There's a really great piece in last week's New Yorker about the predictability of movie box offices by Malcolm Gladwell. The question at the center of this debate is one I find fascinating: Are there a quantifiable set of factors that make a movie a success for the vast majority of audiences?
Or is it as Scottish philosopher David Hume would have us believe...
"Beauty is no quality in things themselves, It exists merely in the mind which contemplates them; and each mind perceives a different beauty.”
According to Gladwell's profile the motley trio of Epagogix is on the side of Kames--not only can we quanitfy these things, but we should, and make box office numbers the literal bottom line of filmmaking.
While I'm equal parts fascinated and horrified by this approach (the fascination really stems from my lack of quant skills) what I'm really curious about is how much the little factors play into the success of a film.

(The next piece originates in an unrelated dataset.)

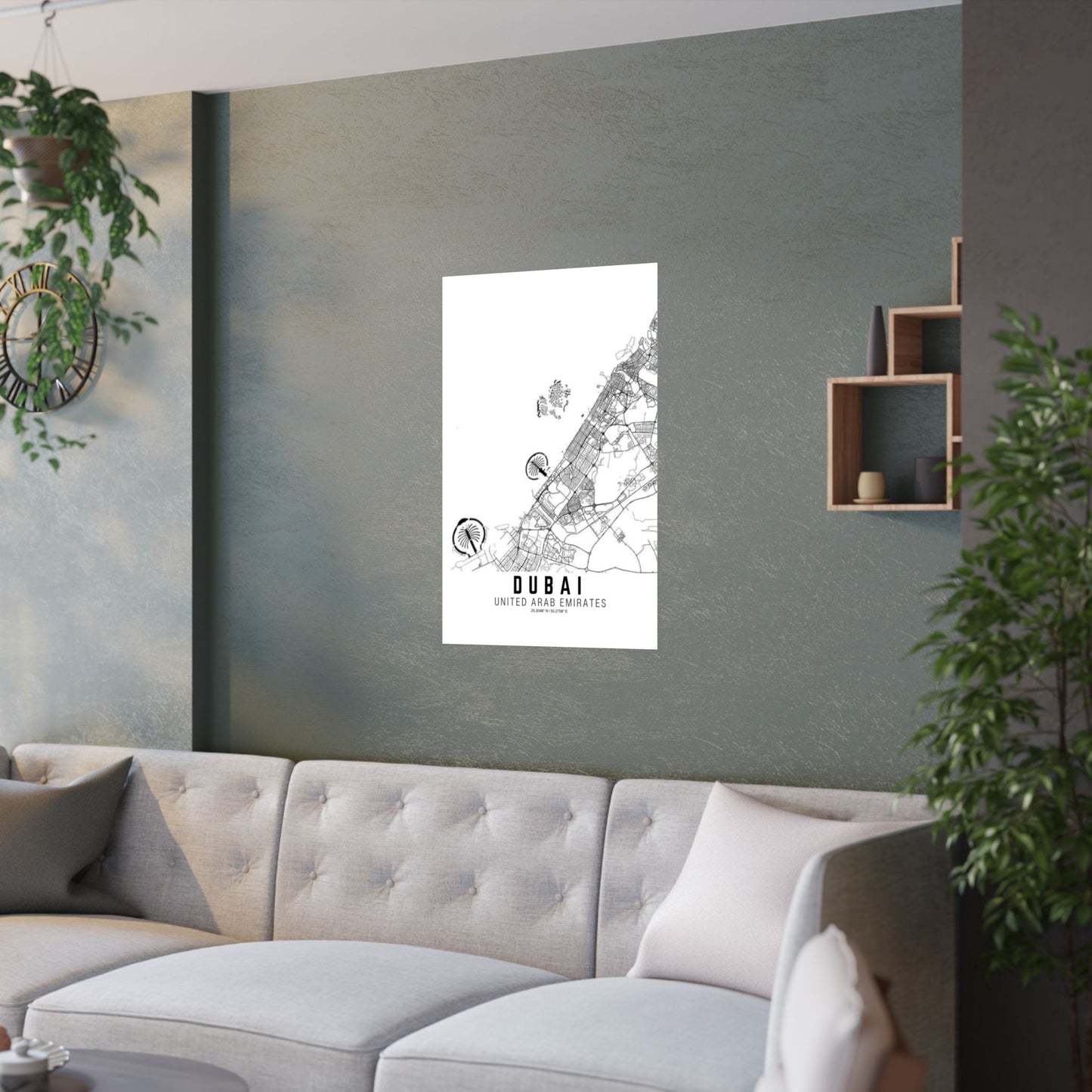 Dubai - United Arab Emirates Map Satin Poster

The example in the piece cites The Interpreter, Sydney Pollack's relatively unsuccessful film set in the U.N. According to Epagogix the choice to set it in a pseudo African country, the inability to capitalize on the romance of the U.N. as a location(what the frak? since when did bureaucrats equal romance?), and too much ambiguity made this film a failure.
So, is it really this logical? A good film is quantifiable? The article noted this approach is already used with relative success in music, but I wonder if this could or would ever extend to other artistic modes? I suppose music and film are the most overtly commercial, and thus lend themselves to this approach pretty easily but I still can't accept this notion. Ultimately I think it suggests that there is no ambiguity in art and that, as anyone who has ever been overwhelmed, perplexed, annoyed, shocked, etc. by a movie or a piece of music will tell you is just not true.